A written record is handy. I can read about it to cheer myself up on a rainy day. I can amuse my friends and overseas visitors who are bored. I can look back in ten years time and think that was dreadful, I could have done so much better and realize how much progress I have made. I can use it in a book on speeches. Or a book of memoirs. And one day somebody else can use it in my obituary.
I think I proved that if you want to get anything said, you can ask a woman - me!
ROFL Text talk for Roll On the Floor Laughing!
Friday, June 08, 2007
Alabama is on my traveller's wish list, high today, not high normally, admittedly rather low, but is it on the wish list, because I have not visited it although I have seen half of America's states including several in Nashville, Tennessee. Yes, I have visited several popular places associated with writers such as Poe and singers such as Presley and Parton, and bought souvenir postcards and books on writers, songwriters, singers and songwriting. But who, immortally famous, comes from Alabama?
Alabama is the home of two or three Americans who are watching my blogs - Alabama?
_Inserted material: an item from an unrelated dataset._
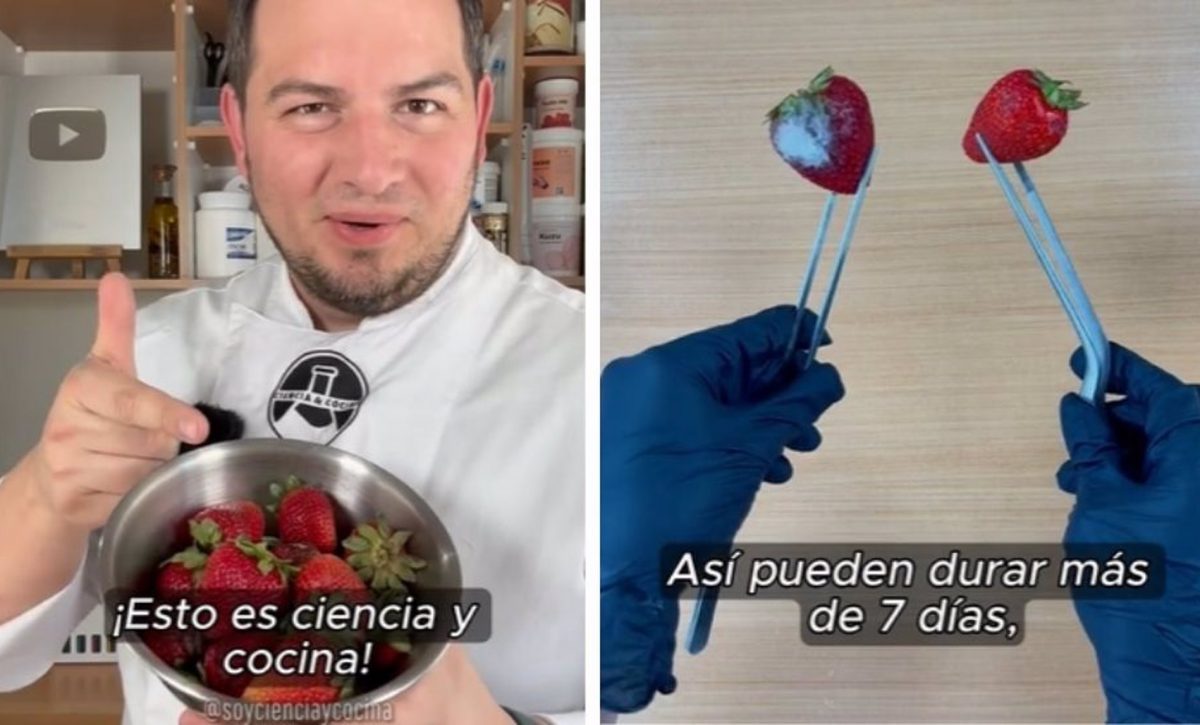 Cómo evitar el moho en las fresas: el truco con agua caliente que elimina hongos y alarga su frescura una semana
I thought of asking them to tell me about Alabama but decided that it would sound rude to admit that my knowledge of Alabama is so sketchy, a bit black and white, that the only images I associate with the historical deep south and Alabama were the Civil War, killing black people and marrying girls aged 12 wearing little white dresses.
I confess I should know better and more because I have actually been to Alabama. But although I used to be a travel writer, I never found the Alabama tourist board at the American travel trade Pow Wow, and they never found me. However, I'm always keen to add new places to my list of been there, done that, so when I was in New Orleans we drove into Alabama. But after several miles of seeing nothing interesting my driver insisted on turning back to the jazzy attractions of New Orleans.
To be polite to my Alabama readers, I should first check out Alabama on the Internet and find something warm to say about the tourist attractions of their region. Where would I find tourist information and houses of famous residents - from the tourist board of course. Onc click and up on the computer screen is all you and I and anybody else would want to know - the Hank Williams Trail. Although I'm a rabid lover of country music, you can tie me to a chair by playing Patsy Cline, it took me a second to recall Hank Williams, who sang "Hey good lookin' ". What else? "Your Cheating Heart."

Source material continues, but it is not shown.